With respect to the last example, the Guides do not define what the FTC considers to be a “reasonable length of time.” Some states, such as California, have defined it as three months or longer. Retailers should look to the state statutes and common law of their respective markets for additional guidance.
Lastly, the Guides cautions that if a former price is set forth in the advertisement generally without reference to a specific former price, such as an ad that merely states “sale,” the reduction in price must be “sufficiently large [so] that the consumer, if he knew what it was, would believe that a genuine bargain or saving was being offered.”
Retail Price Comparisons; Comparable Value Comparisons – 16 CFR § 233.2
Another common form of advertising addressed by the Guides is “retail” or “comparable value comparisons.” A retail comparison is defined as a “form of bargain advertising . . . offer[ing] goods at prices lower than those being charged by others for the same merchandise in the advertiser’s trade area.” For a comparative value price to be legitimate it must: (1) be based upon fact, and not fictitious or misleading; and (2) the higher price must not exceed “the price at which substantial sales of the particle are being made in the area,” meaning that there must be “a sufficient number of sales so that a consumer would consider a reduction from the price to represent a genuine bargain or savings.”
A closely-related form of advertising is “comparable value comparisons,” defined as a “reduction from the prices being charged either by the advertiser or by others in the advertiser’s trade area for other merchandise of like grade and quality.” Such advertising is not deceptive if: (1) “it is made clear to the consumer that a comparison is being made with other merchandise”; (2) the merchandise is actually of similar quality and obtainable in the area advertised; and (3) the price of the comparable merchandise “does not exceed the price at which such merchandise is being offered by representative retail outlets in the area.”
Retail Prices Suggested by Manufacturers – 16 CFR § 233.3
The FTC Guides also addresses the use of a manufacturer’s list price, or suggested retail price, alongside the retailer’s for a particular product.
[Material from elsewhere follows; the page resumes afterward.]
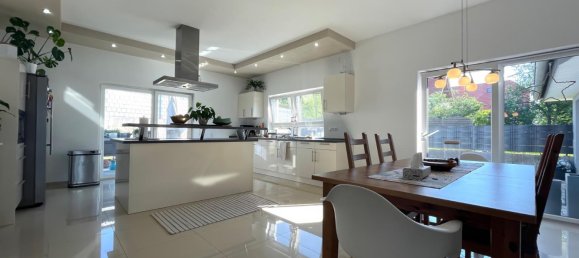 5 chambres Bungalow à Kaiserslautern, Germany No. 364613 4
The FTC Guides cautions that there has been “a widespread failure to observe manufacturers’ suggested or list prices, and the advent of retail discounting on a wide scale, have seriously undermined the dependability of list prices as indicators of the exact prices at which articles are in fact generally sold at retail.” Thus, if a list or suggested retail price does not actually “correspond to prices at which a substantial number of sales” of the product are made, then comparing the retailers’ price with the list price may be deceptive.
For a comparison of the retailers’ price and the list price to be legitimate, the list price should be “the price at which substantial . . . sales are made in the advertiser’s trade area,” and this general principle applies “whether the advertiser or manufacturer is national or regional.”
Bargain Offers Based Upon The Purchase of Other Merchandise – 16 CFR § 233.4
The FTC Guides recognizes “bargain offers,” occurring when “advertisers choose to offer bargains in the form of additional merchandise . . . on the condition that he purchase a particular article at the price usually offered,” as a legitimate form of advertising. An advertiser may not, however: (1) increase the regular price of the article that is required to be bought; (2) decrease the quantity or quality of the article; or (3) attach strings other than that the article be purchased.
Advance Sales, “Limited” Time Offers, and Other Categories ‒ 16 CFR § 233.5
The final section of the FTC Guides is a catchall section stating that, although there are many variations of pricing comparison and advertising techniques/methods, on a global basis, “the same general principles,” apply. Notably, this section specifically cautions advertisers against making a “limited” offer “which, in fact, is not limited,” or “offer[ing] an advance sale under circumstances where [the advertiser] does not in good faith expect to increase the price at a later date.” This section is often cited in litigation challenging retailers’ alleged “perpetual sale” of merchandise.